Kapıda bir ses oldu. İçeriye ikinci bir adam da girmişti ve Jondrette’nin yanına, yatağın kenarına oturdu. Adam sessizce girmeye çalışmış ama ihtiyar adam onu fark etmişti.
“Sorun yok.” dedi hemen Jondrette, ihtiyar adamı oyalamak için. “Onlar kiracılar, yan odalarda oturan işçi arkadaşlar, arada sırada uğrarlar. Evet ne diyordum, elimde kalan o eşsiz tablodan söz ediyordum. Durun hemen size göstereyim efendim, şuna bir bakın.”

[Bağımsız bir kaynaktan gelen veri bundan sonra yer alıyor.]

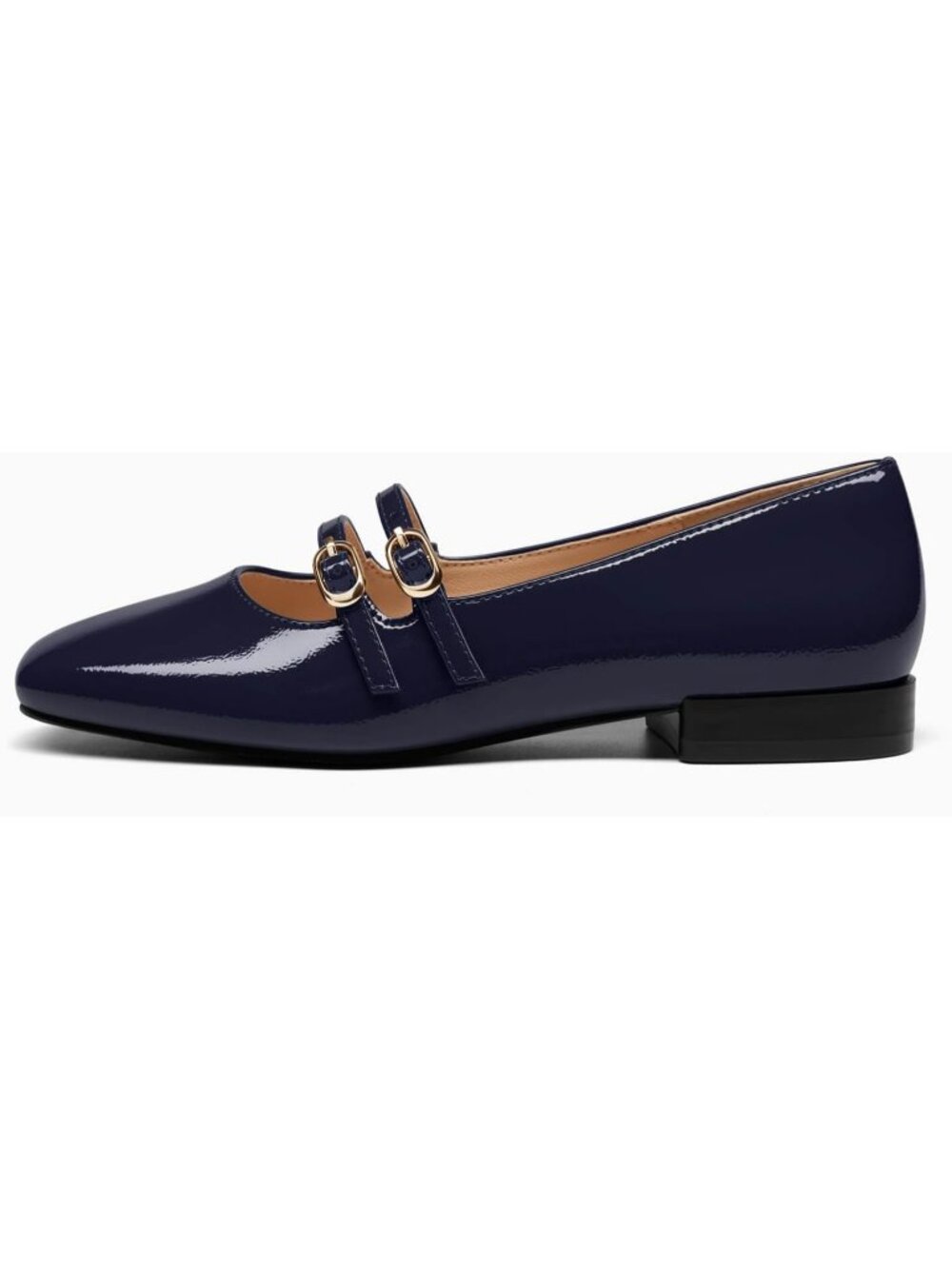 Women's Navy Faux Leather Square Toe Flats Double Strap Buckle Slip On Shoes - Picture 6 of 6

Adam kalktı ve ters hâlde duvara dayadığı panoyu çevirdi. Bu loş aydınlıkta tabloya benziyordu. Jondrette resimle onun arasında dururken Marius bundan hiçbir şey çıkaramadı, sadece kaba bir leke ve yabancı tuvallerin, perde resimlerinin sert kabalığıyla boyanmış bir tür panayır afişine benzetti.
“Bu nedir?” diye sordu ihtiyar adam.
“Bir ustanın resmi, çok değerli bir tablo hayırseverim! İki kızıma ne kadar bağlıysam ona da o kadar bağlıyım, bana hatıraları çağrıştırıyor! Ama size söyledim, elimde tutamayacağım, o kadar zavallıyım ki ondan ayrılmak zorundayım.”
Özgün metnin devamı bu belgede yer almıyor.